A blog dedicated to the development of Catholic legal theory.
Affiliated with the Program on Church, State & Society at Notre Dame Law School.

Monday, January 15, 2018

Teleforum on the "Parsonage Allowance"

I enjoyed speaking on this recent Federalist Society Teleforum, "Is the 'Parsonage Allowance' Allowed?" We discussed the tax-code provision permitting ministers to exclude from their gross income a housing allowance provided by their employer, up to the fair rental value of the home. Last October, Judge Crabb (W.D. Wis.) invalidated the provision as a violation of the Establishment Clause. If that ruling stands on appeal, the cost to religious organizations around the nation--the cost of making up for the new tax liability by paying additional salary--would likely exceed $1 billion yearly.

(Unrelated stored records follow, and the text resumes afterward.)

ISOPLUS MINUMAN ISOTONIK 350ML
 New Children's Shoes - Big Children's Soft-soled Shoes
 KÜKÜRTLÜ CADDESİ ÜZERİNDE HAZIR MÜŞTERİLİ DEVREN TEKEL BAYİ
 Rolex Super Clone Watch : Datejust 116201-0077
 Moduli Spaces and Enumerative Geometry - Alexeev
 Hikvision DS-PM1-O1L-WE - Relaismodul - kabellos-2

That estimate, along with very useful insight on the provision and how organizations might respond to its invalidation, was provided by my teleforum co-speakers, John van Drunen and Michael Martin of the Evangelical Council on Financial Accountability (ECFA--an organization that does great work encouraging sound financial practices by religious nonprofits).

Here's the concluding bit from my own remarks (Download Housing Allowance - FedSoc Teleforum 2018-01-12 (delivered), which argued that the housing-allowance exclusion is quite defensible as constitutional but faces risks on appeal:

Ultimately, the result in this matter depends on the court’s attitude toward provisions that specifically accommodate religion. The exclusion will be upheld if the court takes a deferential approach and allows the government leeway as long as it’s reasonably promoting valid church-state concerns like denominational equality and nonentanglement in religious questions, and is not directly imposing a significant burden on anyone else. I believe that is the correct approach—the most consistent with the text, tradition, and precedents—especially with respect to treatment of ministers. But there are certainly judges who view it as presumptively unfair to exempt religion when arguably comparable nonreligious activities are not exempt, and they are likely to view the justifications for doing so here as insufficient.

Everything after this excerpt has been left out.